AHS Winter Concert: a New World Hallelujah
Updated: Jan 22, 2019
It may be the season of diminishing daylight, but anyone who attends the Arlington High School (AHS) Winter Concert on the evening of Friday, Dec. 14, will probably feel enlightened and inspired by the music that fills Lowe Auditorium. If the final movement of Antonín Dvořák’s "New World Symphony" doesn’t lift you out of your seat with its propulsive intensity, the great rejoicing of the "Hallelujah" chorus from George Frideric Handel’s "Messiah" is likely to put a spring in your step as you head out into the cold winter night.
The Handel will be performed by the combined forces of all the AHS choral ensembles under the direction of Madalyn Kitchen and the full orchestra conducted by Sabato (“Tino”) D’Agostino. “The 'Hallelujah' chorus is so appropriate at this time of year,” noted Kitchen, “but [its difficulty] is a little daunting. Once Tino assured me that his students were up for the challenge, we took the idea and ran with it. We are thrilled that the students have been working so hard to make the piece every bit as exhilarating as Handel intended!”
For his part, D’Agostino noted that the Winter Concert is the first AHS performance of the year for many ninth graders and new students. “It feels special,” he said, “because of the upcoming holidays and the uniqueness of the repertoire. This year we go from Michael Jackson to Dvořák, from Mozart to William Schumann, and from Herbie Hancock to Gustav Holst. We are trying to give our students experience in as many genres and styles as possible.”
This Winter Concert will also be unique because three new ensembles will be making their debut. These are the Freshmen Choir, a men’s ensemble called Bros II Men, and a women’s choir called Bel Canto. According to Kitchen, “the freshmen ensemble gives the students a safe space to develop their skills and work toward joining the Arlington Chorale in the future.” One of the pieces they will be performing is the Israeli folk tune “Zum Gali Gali.”
Bros II Men, which is directed by Ottoson Middle School teacher Greg Condakes, will offer three pieces, including the classic doo-wop number “In the Still of the Night.” Bel Canto will perform the traditional spiritual “Poor Wayfaring Stranger” and “Cantate Domino” by Monteverdi. Among the Madrigal Singers’ offerings will be the pop standard “Misty” by Johnny Burke and Erroll Garner famously sung by Johnny Mathis.
Other highlights of the program will include "Newsreel (In Five Shots)" by William Schumann performed by the concert band and the Michael Jackson hit “Human Nature” by Steve Porcaro performed by the jazz band, with both ensembles under the direction of student intern Anthony Abate. The honors orchestra will offer the "Jig" from Holst’s "St. Paul’s Suite" and Camille Saint-Saëns Cello Concerto No. 1 in A minor, Opus 33. The full orchestra will wrap up with the first movement of Mozart’s Symphony No. 40 and the last movement of Dvořák’s "New World Symphony" before combining with all the choral groups to present the "Hallelujah" chorus.

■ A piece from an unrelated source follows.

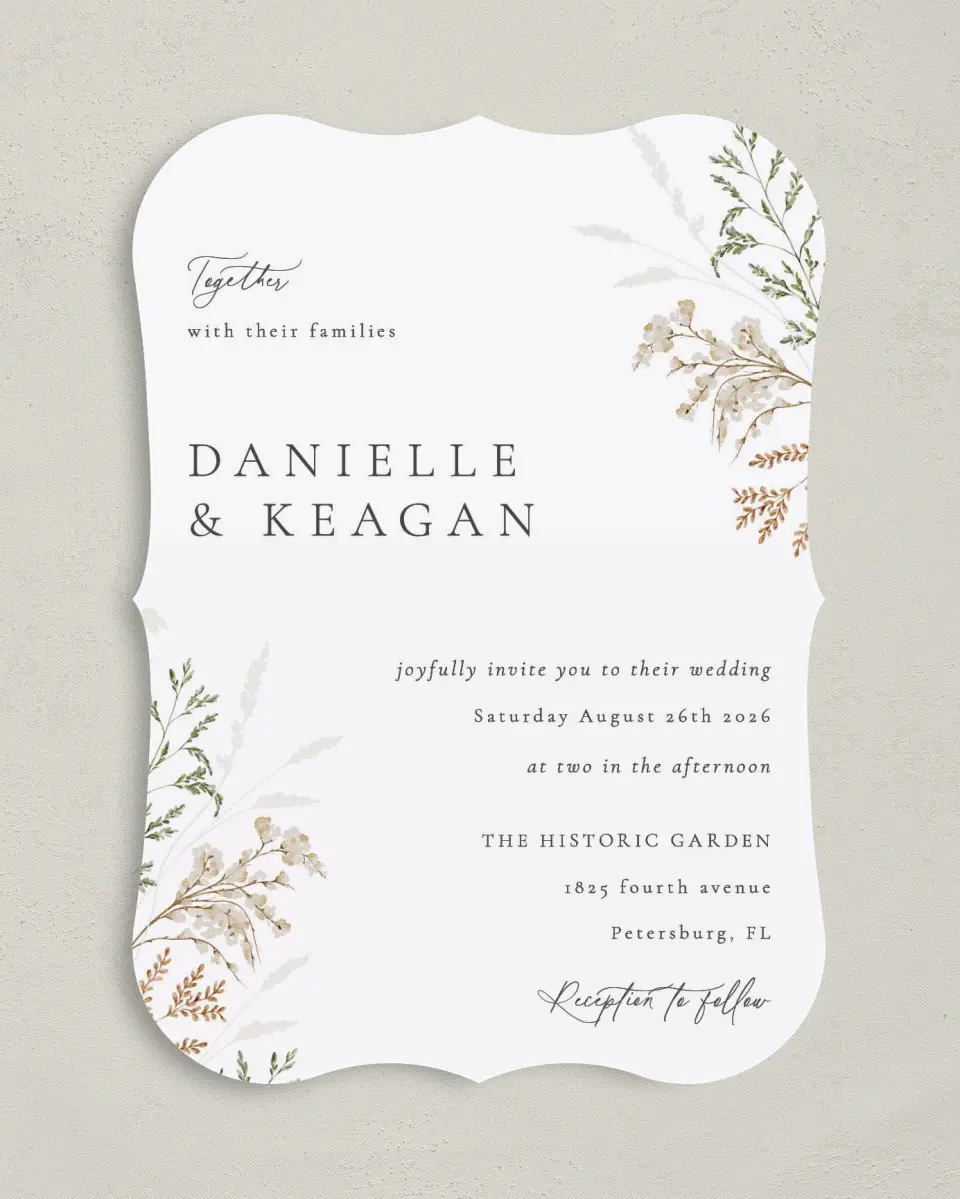 This is a 5" x 7" Bracket Wedding Invitation called Wild Devotion printed in full color with Silver foil on Luxe Satin (coated) paper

Cello soloist for the Saint-Saëns concerto will be junior Sarah Kam, who also plays with the Boston Youth Symphony Repertory Orchestra. Having worked on the piece steadily for about four months, she said she’s “pretty excited” about playing it, especially the challenging “fiddley bits” that require her fingers to “move like noodles.” “With all the hubbub about the AHS renovations,” she added, “the concert is a good reason for Arlington residents to come to the school and see what one of the more underrepresented departments can do.”
Although perhaps less publicized than AHS athletic events, the activities of the Performing Arts Department are well known to many, including Arlington Public Schools (APS) superintendent Kathleen Bodie. “At this concert,” D’Agostino said, “we would like to commend Ms. Bodie for her wonderful support of the performing arts since she became superintendent ten years ago. She never misses a concert, play, or musical if she can help it, and she’s been one of our strongest advocates.”
You don’t have to be an APS administrator or even affiliated with the school system to appreciate the AHS Winter Concert. As Kitchen noted, “it’s intended for people of all ages and backgrounds. We’ll be doing folk songs, jazz and pop hits, and of course, some beautiful classical pieces for all to be edified and moved by. With the addition of three new choirs, this program will be even more beautifully varied and enjoyable for all!"